Vantage point




Friday, August 21, 2009

Review of Inglourious Basterds

Quentin Tarantino's latest release, Inglourious Basterds, is kind of like a 50-over innings from a one-day cricket match. Delectable beginning and a breath-taking end, but the middle portion has you checking the watch a lot. The bang for the buck you get from the start and the end does compensate for the dreary middle, but really, this is not the sort of calculation you usually find yourself doing for a Tarantino movie! So while keeping in mind that the movie is way better than the usual fare, worth watching on the big screen, and entertaining on the whole, let us examine why it fails to meet the admittedly astronomical QT standards.

A big problem - the dialogs, which, paradoxically enough are usually QT's biggest strength.
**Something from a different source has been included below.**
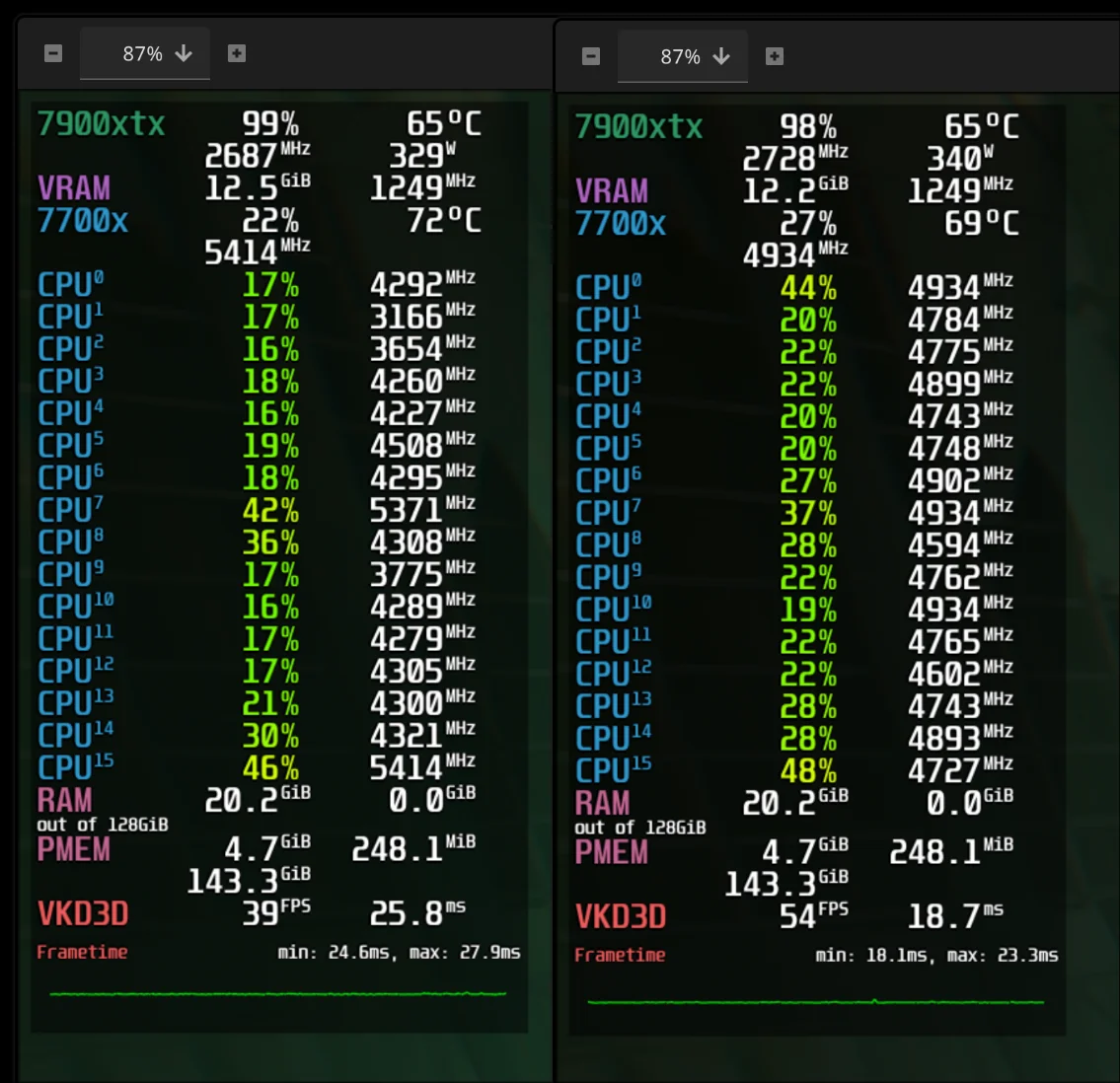 Fsr4 7900xtx Cyberpunk 2077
Hardly any engaging conversations that really stay with you after the movie ends. Individual lines? Lots, most of them from Brad Pitt. But conversations? Not so much. Maybe something got lost in translation, because at least half, if not three-fourths of the movie, is in German or French, so for the most part, you are reading the subtitles. I say "maybe", because it was not at all an issue in the two Kill Bill movies. Subtitled conversations were still engaging, hilarious and memorable, like those between the bride and Hatori Hanzo or Pai Mei. Here, nahh, not so much.

Which probably has to do with the second problem too. A relative dearth of memorable and well-fleshed-out characters, which again, QT films are usually packed with. Christoph Waltz as Col. Hans Landa of the SS is chillingly suave, and should get an Oscar nomination. Brad Pitt as Lt. Aldo Raine has a rustic hilarity that is reminiscent of his character in Snatch, more in style than content. But too much in the film rests on the shoulders of these two men. I found myself wishing, hoping praying that every subsequent scene would have at least one of the two men.
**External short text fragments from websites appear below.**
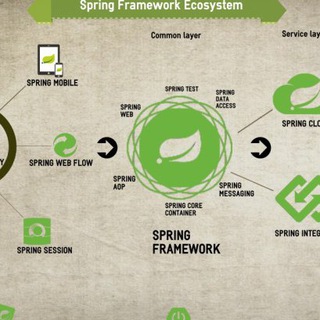 Логотип канала springframeworkio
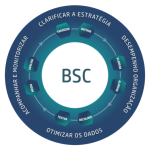 Group logo of Gestão Estratégica | Balanced Scorecard (BSC)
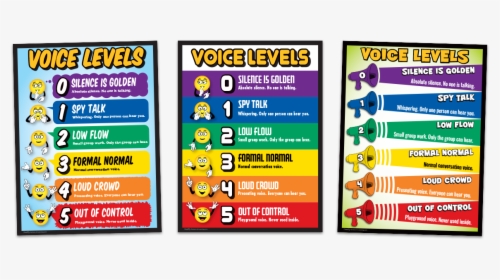 Voice Level, HD Png Download, Free Download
And I don't think the problem was with acting. Melanie Laurent's performance as Shosanna is a triumph in non-verbal acting, with her eyes, facial expressions, and even sighs conveying more than words ever could. Daniel Bruhl, whom I loved in Goodbye Lenin, does an excellent job playing the annoying overachieving sniper Zoller. The guys caricaturing Hitler and Goebbels are hilarious, and there is a blink-and-you-miss-it cameo by Mike Myers. And the rest of the basterds, like Eli Roth, B.J.Novak, and so on also put in a competent hard day's work, but are not developed. I was especially disappointed to see Eli Roth as the promising "Jew Bear" lose all distinguishing characteristics as the movie progressed. So the problem was with the writing, which left all characters except Landa and Raine totally flat and purely functional rather than evocative.
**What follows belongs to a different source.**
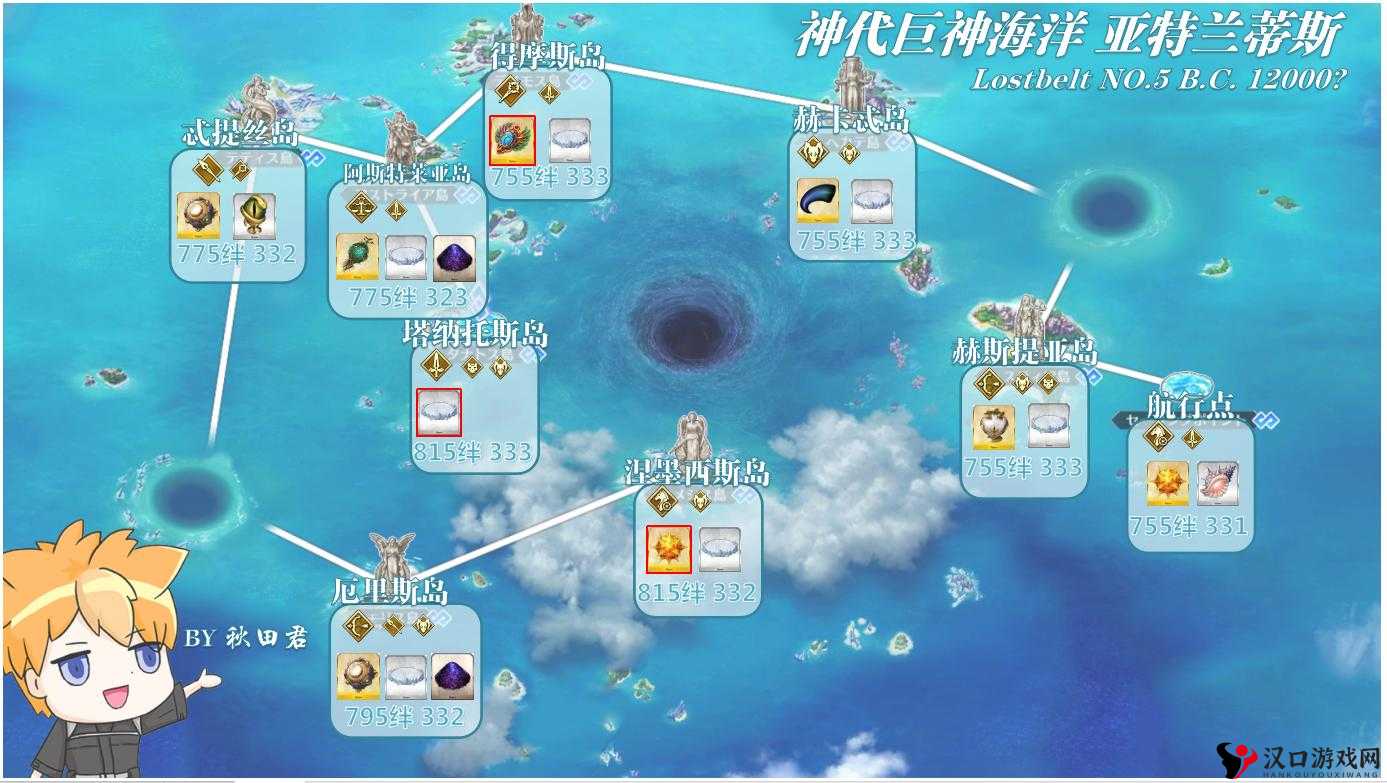 FGO小岛开拓计划选哪个?小岛开拓完工图预览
With the film lacking in engaging conversations or engaging characters, the middle half is bound to meander. I was especially annoyed by the whole long-drawn scene in the bar, which fails to deliver on its potential of being cult-worthy, and adds nothing to the movie except what happens at the end. The King-Kong bit is the only clever part in there, and even then, the punchline takes a little too long to arrive. And considering what happens at the end, it was also pointless to include the British angle, including a doddering old man not given too much footage, and who one assumes is supposed to be Winston Churchill.

But that's the bad part. Now on to the really good ones.

The opening scene of the movie is nail-biting and gets you on the edge of your seat right away. And gets you intimately acquainted with the demonic Col. Landa. And has some awesomely imaginative background music.... imagine a mash-up of Beethoven's Fur Elise and David Bowie's Cat People? (The background score is quite awesome throughout, with lots and lots of Ennio Morricone, whom QT used extensively in KBV2 as well). Then we get acquainted with the basterds, leading to some deliciously violent signature Tarantino scenes.

Then umm... the middle....already extensively bashed..... which has some crucial elements as a way of laying the ground work for the end, but for the most part...mehh... and devoid of Pitt or Waltz.

Then the beginning of the end, which is when the movie starts picking up pace again. And the QT touch returns and keeps making itself felt as it builds up. Finally the climax reaches a vein-bursting crescendo in a manner that is very unique, even unprecedented. It is at once a stylishly pulsating big flourish (like in KBV1) and an intelligently ironic anti-climax (like in KBV2). Tarantino manages this seemingly impossible task with the panache and ballsiness that show he still da man.

So my advice to you is - go watch it for sure. But with lowered expectation. Don't expect something of the caliber of Pulp Fiction, Reservoir Dogs or Kill Bill, but more in the Jackie Brown - Death Proof range, and you will be a contented customer.